WHAT THIS TASK INVOLVES: What you return should be only the lines in the entries below between the one holding "Forest and yellow leaves Forest" and the one holding "Riscaldatore per Acquario", ends included, with every picture left out.

DATA LISTING:
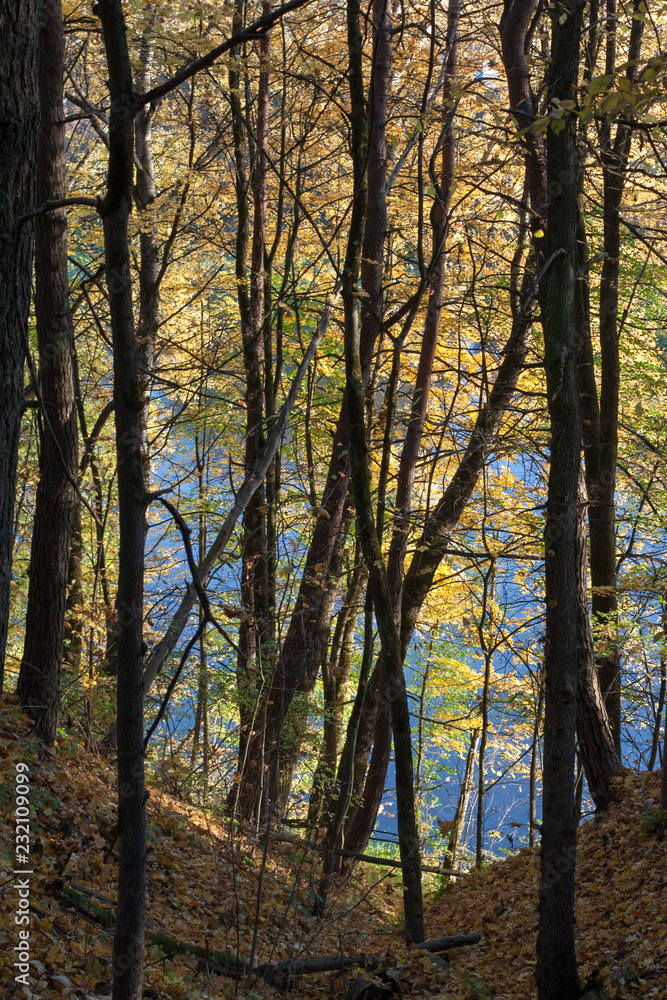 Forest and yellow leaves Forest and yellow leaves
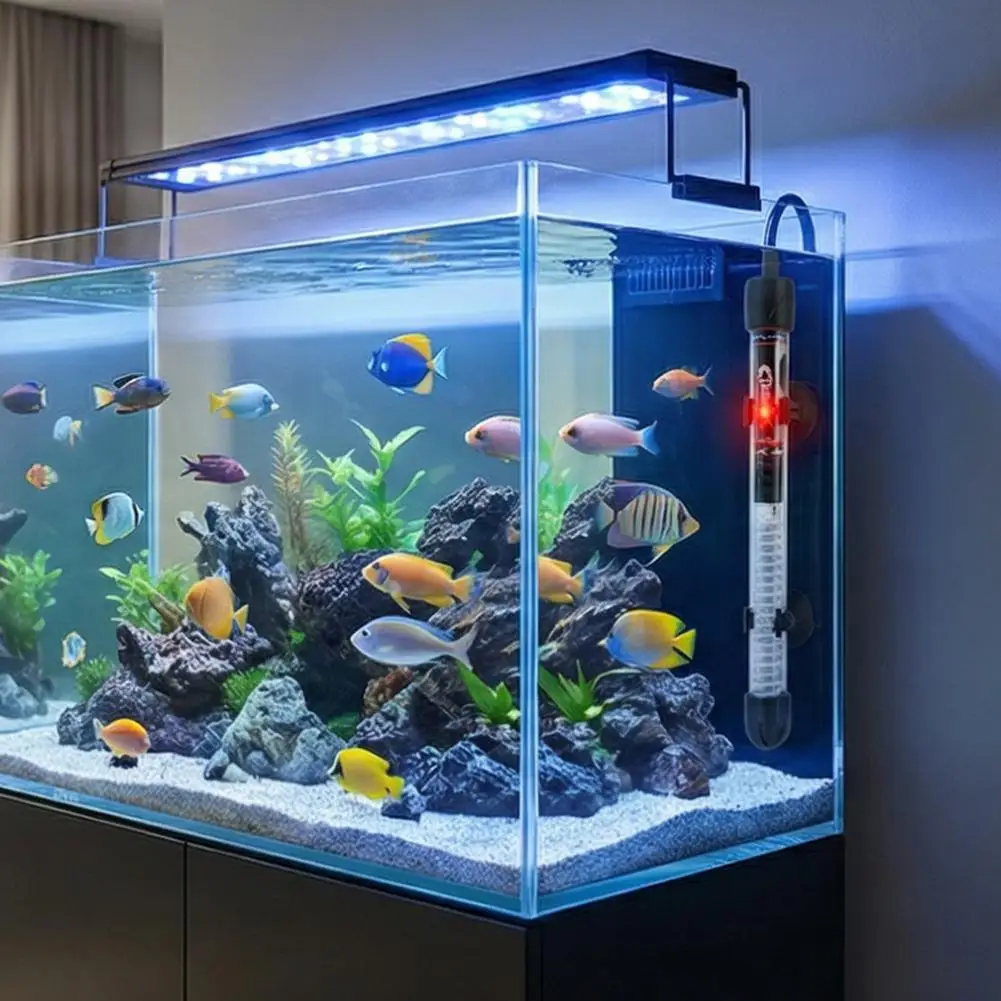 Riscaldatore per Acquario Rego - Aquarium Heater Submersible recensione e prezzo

==

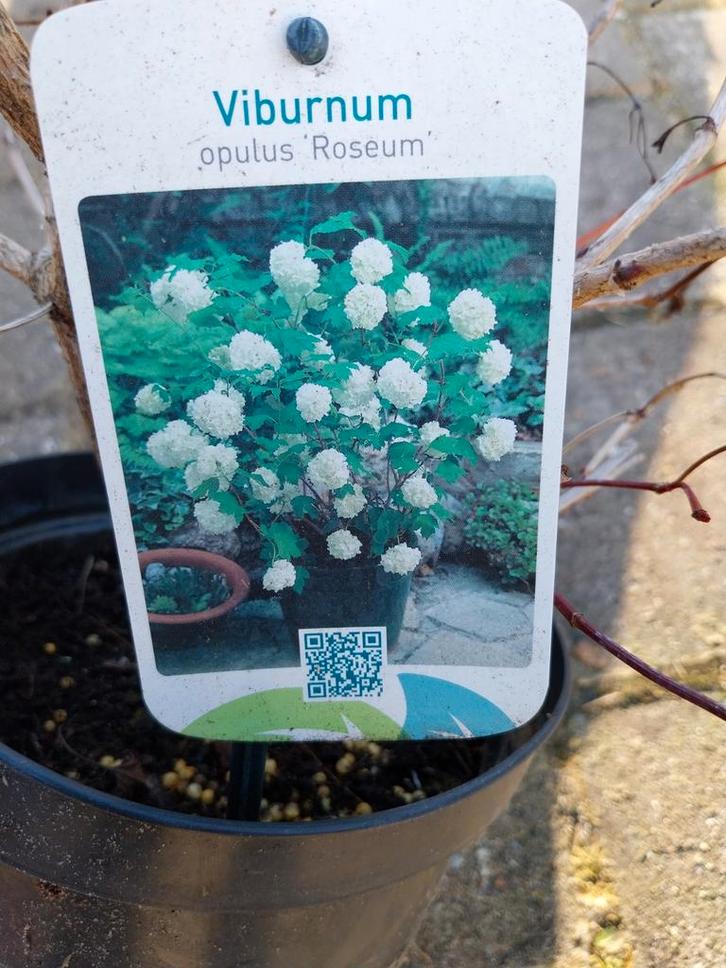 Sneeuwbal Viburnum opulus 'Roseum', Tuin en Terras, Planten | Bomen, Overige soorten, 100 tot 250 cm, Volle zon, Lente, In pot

ANSWER BELOW:
 Forest and yellow leaves Forest and yellow leaves
 Riscaldatore per Acquario Rego - Aquarium Heater Submersible recensione e prezzo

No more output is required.